愛媛県の大洲市(おおずし)では、住民が「普段はおとなしい川」と語る肱川(ひじかわ)が氾濫して、3000世帯以上の家が冠水した。肱川の上流には鹿野川ダムと、さらに上流の支流には野村ダムがあり、二つのダムからの大量放流が、甚大な被害を出した一因であることは間違いがない。
2018年7月14日、IWJ上杉記者は肱川流域の被害の実態を川づたいに確認するため、車のダッシュボードにカメラを固定して、鹿野川(かのがわ)ダムから、肱川中流の大洲市菅田町(すげたちょう)までを撮影した。
鹿野川からすぐ下流にある、道の駅「清流の里ひじかわ」では全店舗が休業し、従業員が、泥にまみれたテーブルや調理器具を表に出して掃除していた。
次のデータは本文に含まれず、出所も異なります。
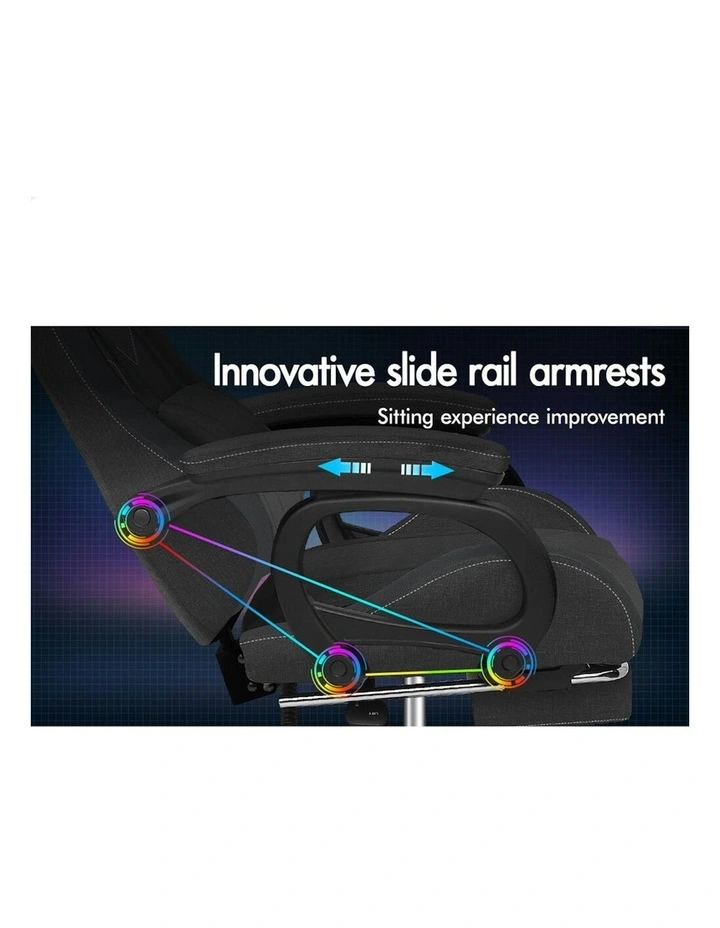 ALFORDSON LED Gaming Chair Office with 8-Point Massage Fabric Grey image 3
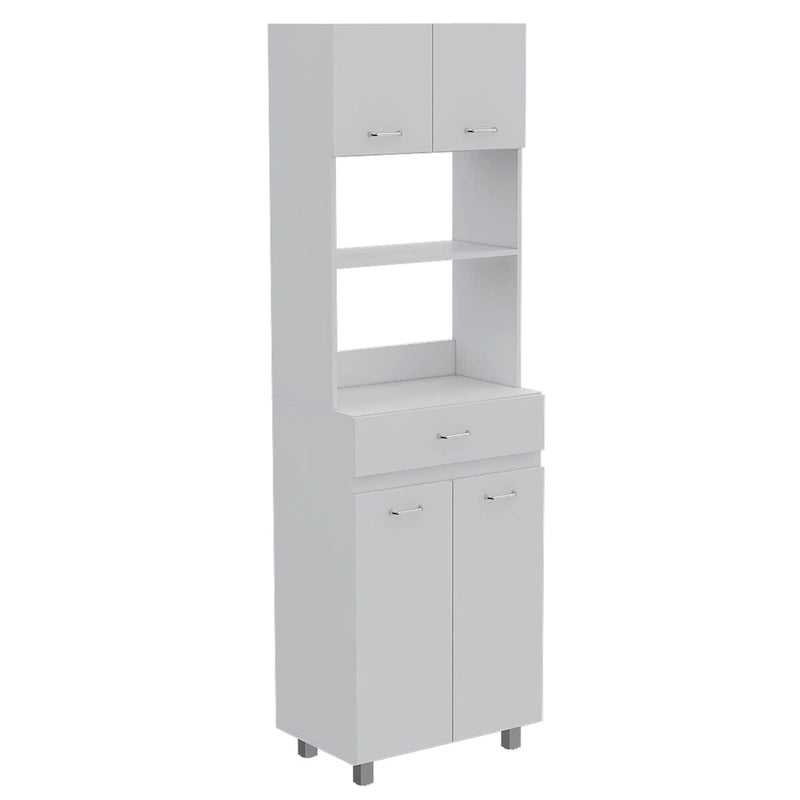 Meuble bas de cuisine Caribe, quatre pieds, un tiroir, double porte, une étagère - Blanc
店舗の裏手には、濁流に押し流された軽トラックや乗用車が引っくり返った状態で転がっていた。
肱川沿いの国道197号線は、今も全面通行止めの区間がある。迂回路の山道から見下ろすと、大規模な路肩崩落と、道を塞いだ崖くずれの惨状がはっきりと見えた。
迂回路から国道197号線に合流してさらに下ると、青い色の橋が4つに寸断されて散らばり、巨大な鉄の塊が川の中に横たわっていた。
民家が増えるにつれ、家から出した泥だらけの家財道具、そして上流から流れてきた大量のゴミの山が、道の両側に目立ち始めた。午前中に上流に向かって通過した時には、片付けに汗を流す多くの住民の姿が見られた。しかし、昼過ぎの一番厳しい日差しを避けて、多くの方が家の中で休んでいるのか、人影は少なくひっそりとしていた。
【西日本豪雨取材報告】「これは天災じゃなくて人災じゃ思います」!危険水域を超えたダムの放水!下流を守るために大洲市が遊水地になった!? https://iwj.co.jp/wj/open/archives/427408 … @iwakamiyasumi
「治水の役に立つ」と言われてきたダム安全神話の嘘が明らかになった。国は住民の安全よりダムの保全を優先した。